◆ To do:
Set the records down again, exactly, without their images.

---*---

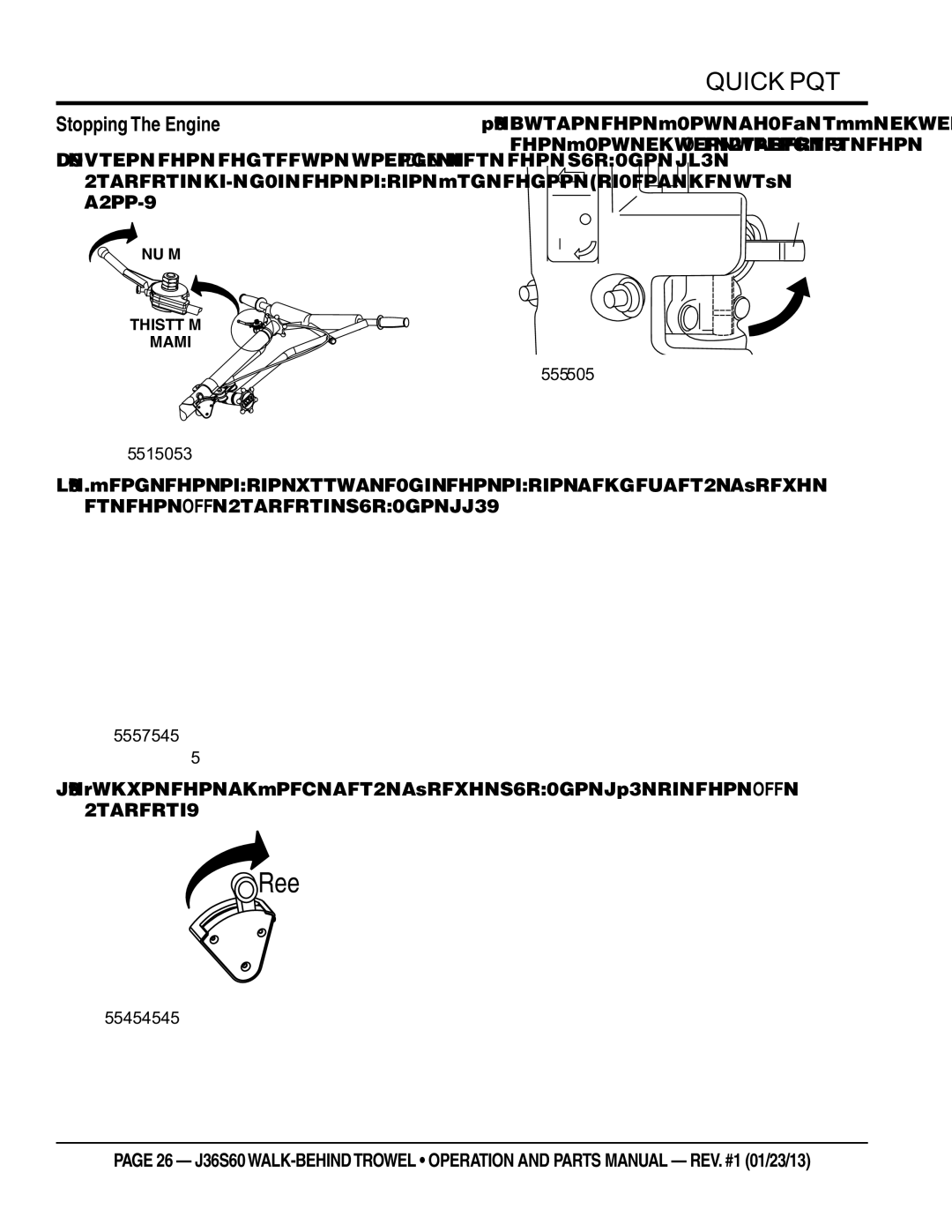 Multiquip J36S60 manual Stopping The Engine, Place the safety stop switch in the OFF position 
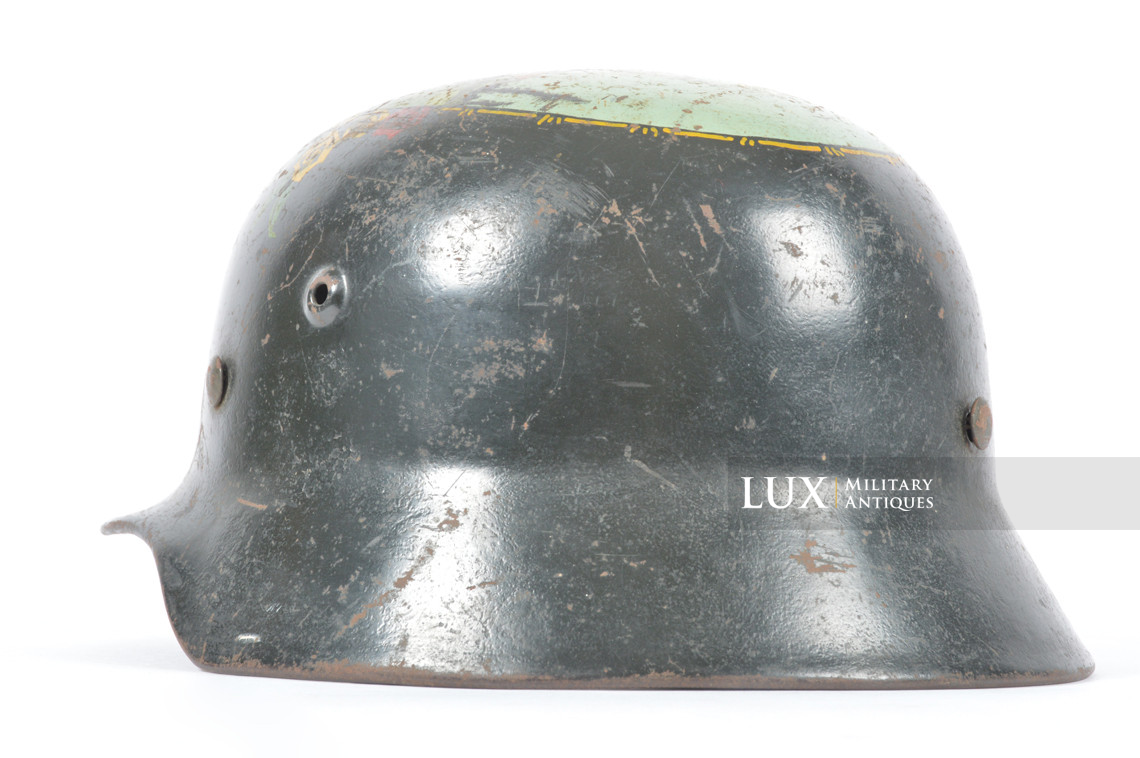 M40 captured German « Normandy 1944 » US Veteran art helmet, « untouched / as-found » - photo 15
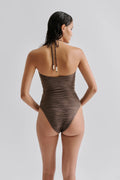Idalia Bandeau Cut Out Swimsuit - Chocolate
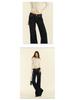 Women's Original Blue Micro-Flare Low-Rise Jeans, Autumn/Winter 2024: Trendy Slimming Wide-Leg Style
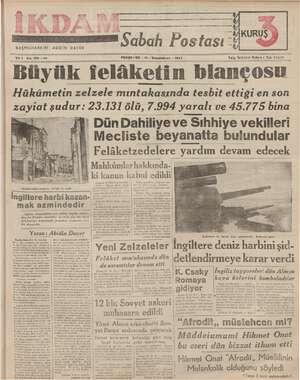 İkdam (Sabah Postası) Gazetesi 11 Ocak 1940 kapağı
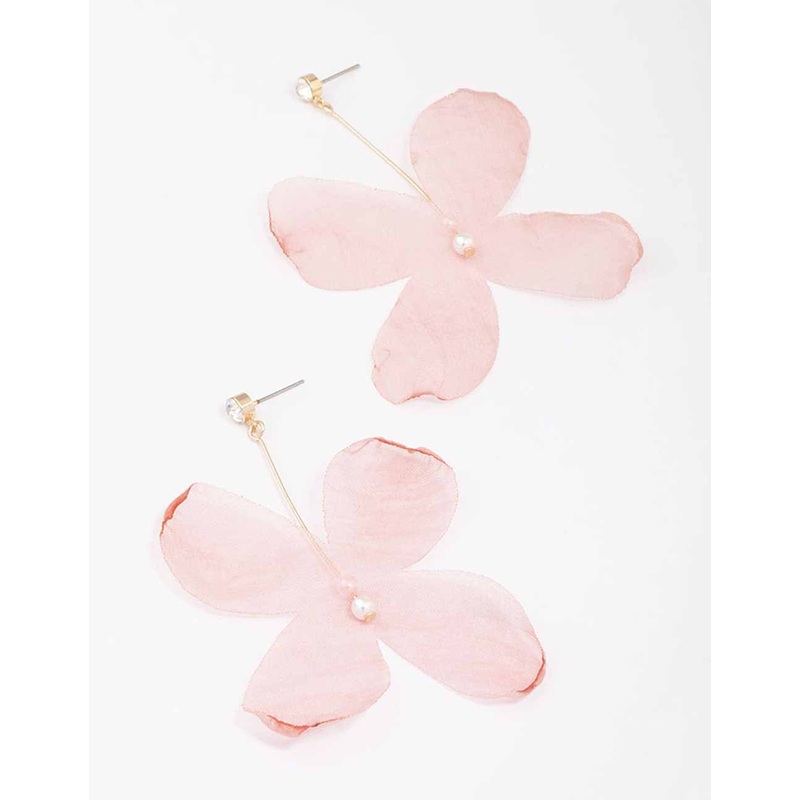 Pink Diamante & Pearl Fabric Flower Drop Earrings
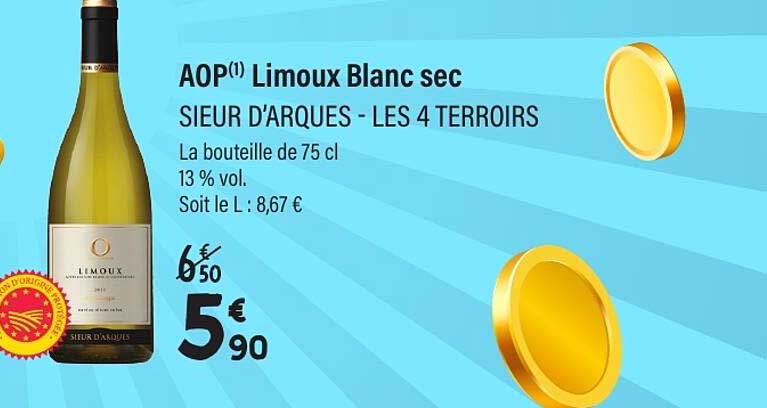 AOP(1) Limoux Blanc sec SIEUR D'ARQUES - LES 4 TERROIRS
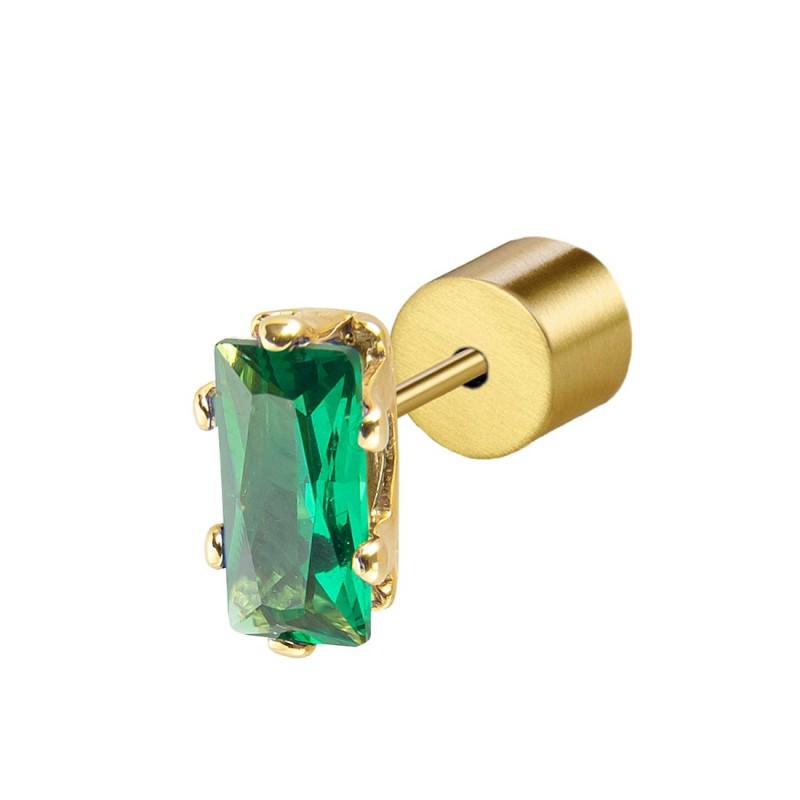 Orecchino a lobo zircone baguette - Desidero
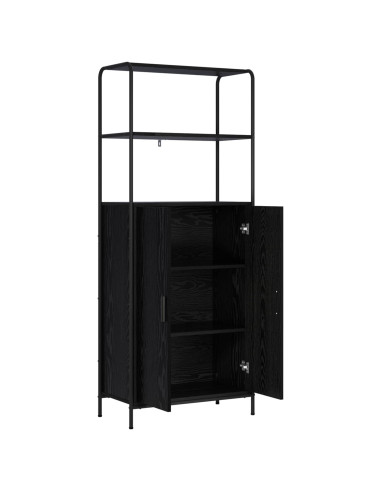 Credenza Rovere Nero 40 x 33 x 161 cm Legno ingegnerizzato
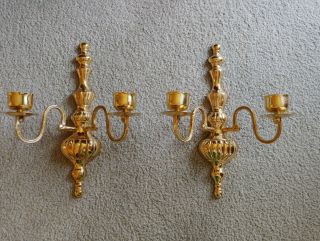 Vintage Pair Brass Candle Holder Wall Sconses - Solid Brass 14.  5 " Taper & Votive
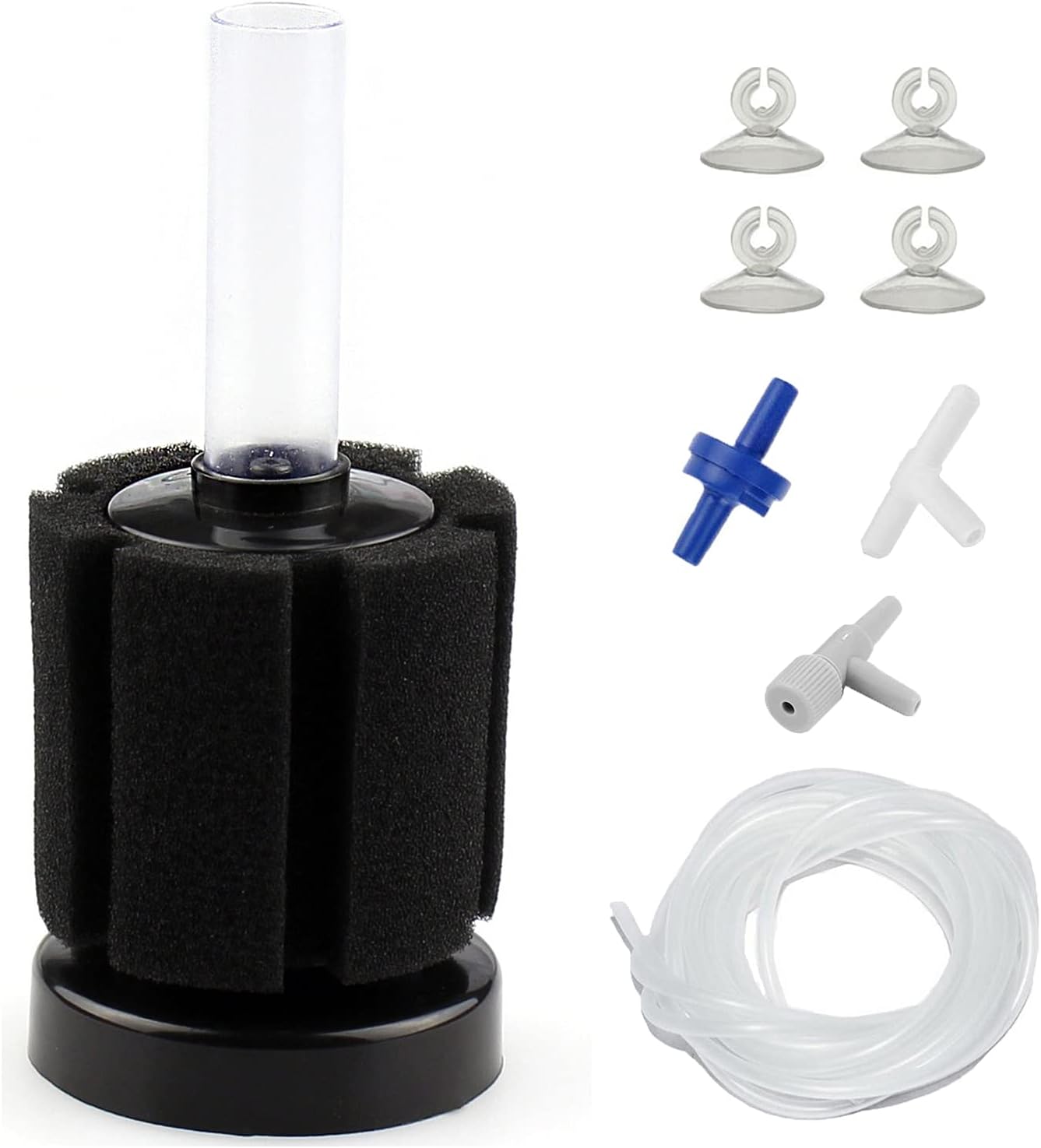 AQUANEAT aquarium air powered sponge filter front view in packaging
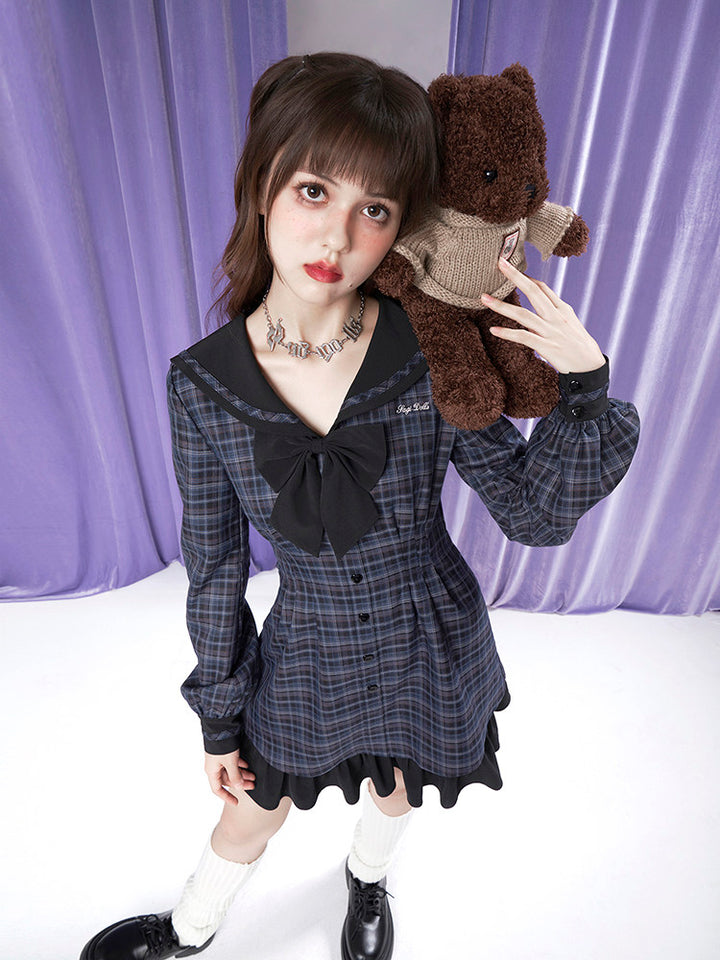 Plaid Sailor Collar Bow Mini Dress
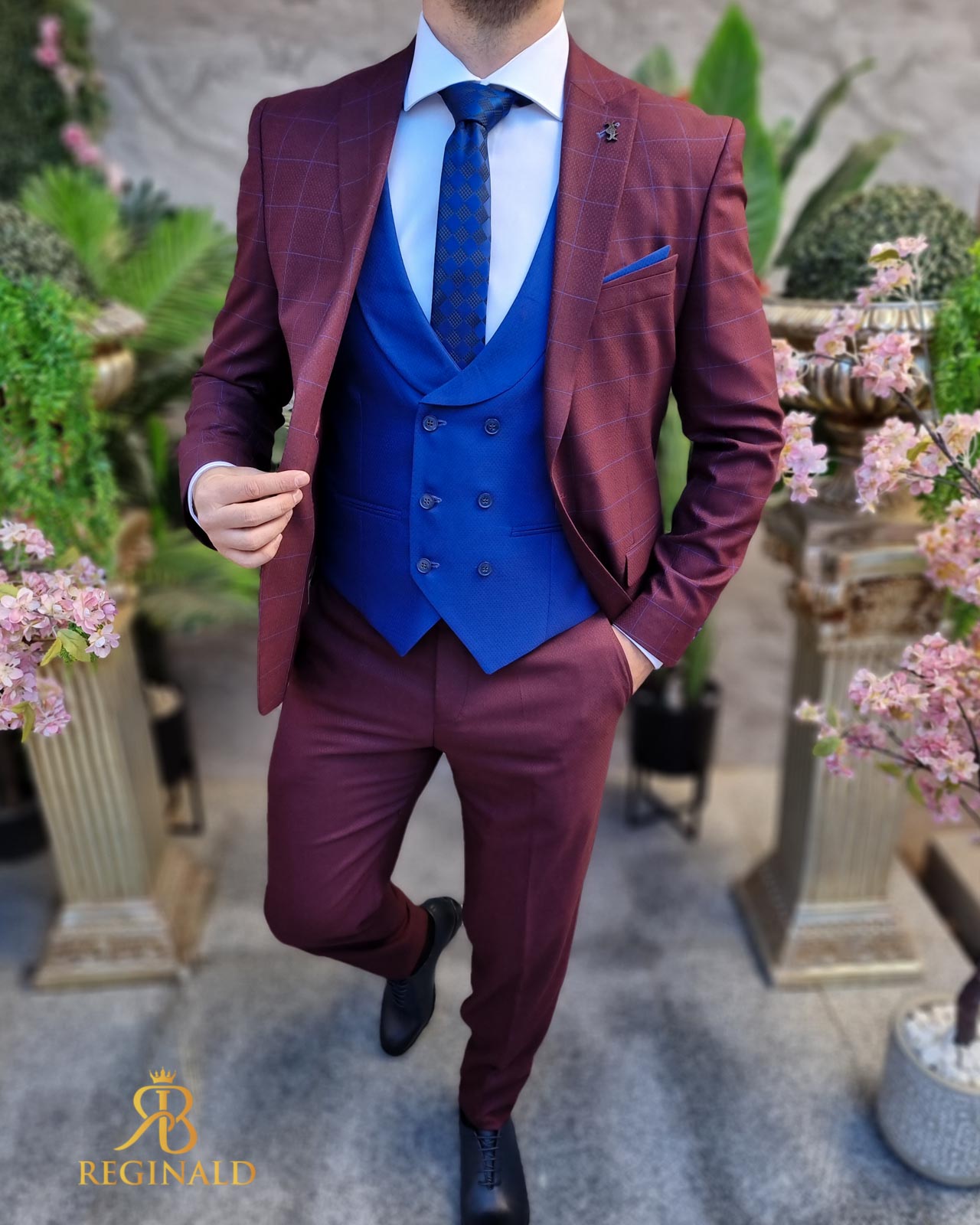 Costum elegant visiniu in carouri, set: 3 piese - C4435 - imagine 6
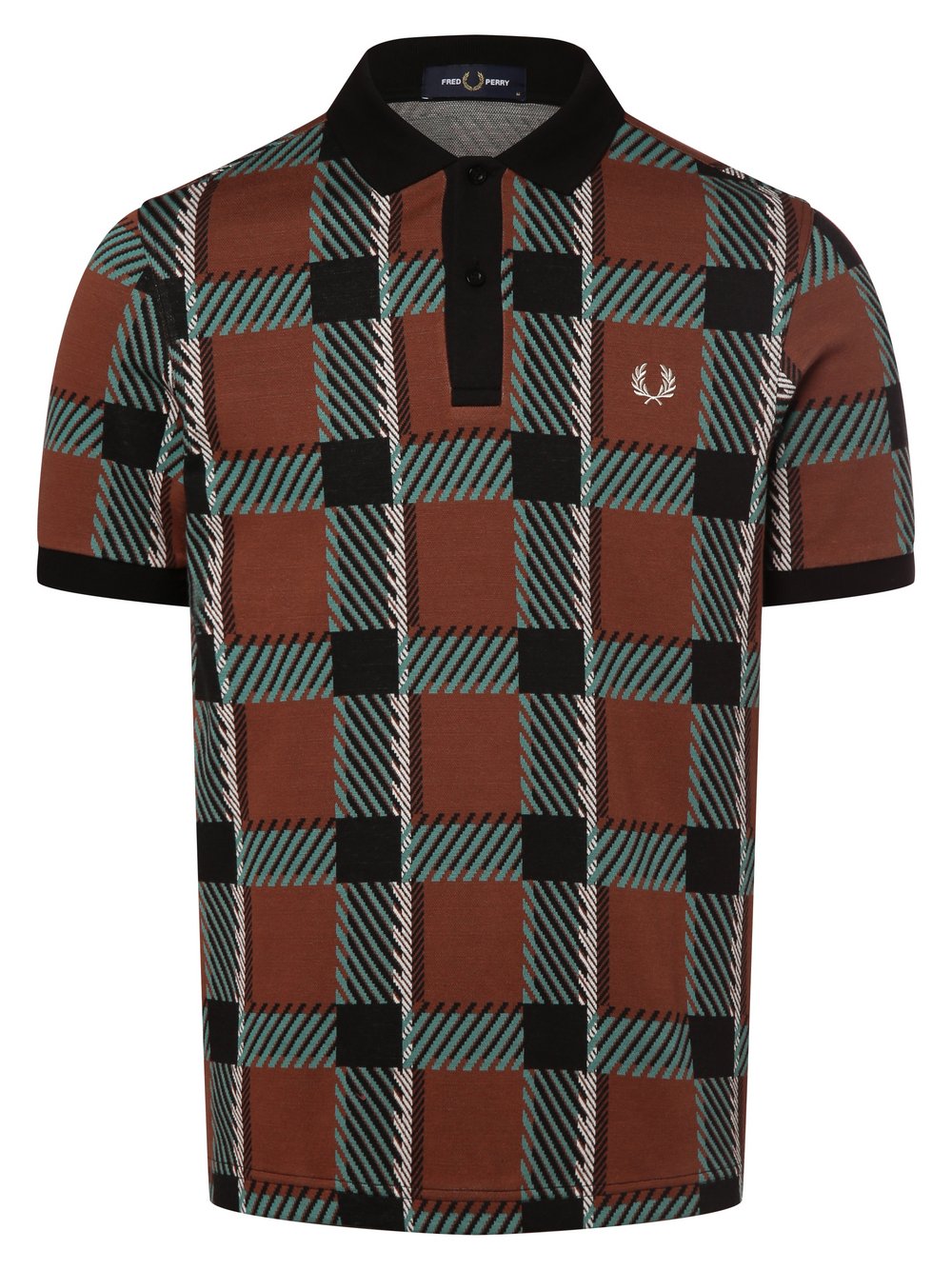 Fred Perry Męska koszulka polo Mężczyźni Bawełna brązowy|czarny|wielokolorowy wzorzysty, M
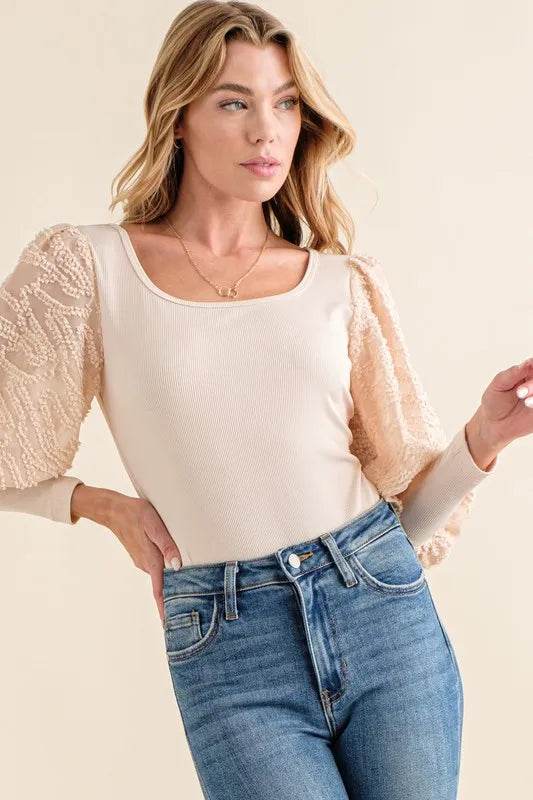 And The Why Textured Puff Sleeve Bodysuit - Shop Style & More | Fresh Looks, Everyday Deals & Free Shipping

---*---

◆ Result:
 Multiquip J36S60 manual Stopping The Engine, Place the safety stop switch in the OFF position 
 M40 captured German « Normandy 1944 » US Veteran art helmet, « untouched / as-found » - photo 15
Idalia Bandeau Cut Out Swimsuit - Chocolate
 Women's Original Blue Micro-Flare Low-Rise Jeans, Autumn/Winter 2024: Trendy Slimming Wide-Leg Style
 İkdam (Sabah Postası) Gazetesi 11 Ocak 1940 kapağı
 Pink Diamante & Pearl Fabric Flower Drop Earrings
 AOP(1) Limoux Blanc sec SIEUR D'ARQUES - LES 4 TERROIRS
 Orecchino a lobo zircone baguette - Desidero
 Credenza Rovere Nero 40 x 33 x 161 cm Legno ingegnerizzato
 Vintage Pair Brass Candle Holder Wall Sconses - Solid Brass 14.  5 " Taper & Votive
 AQUANEAT aquarium air powered sponge filter front view in packaging
 Plaid Sailor Collar Bow Mini Dress
 Costum elegant visiniu in carouri, set: 3 piese - C4435 - imagine 6
 Fred Perry Męska koszulka polo Mężczyźni Bawełna brązowy|czarny|wielokolorowy wzorzysty, M
 And The Why Textured Puff Sleeve Bodysuit - Shop Style & More | Fresh Looks, Everyday Deals & Free Shipping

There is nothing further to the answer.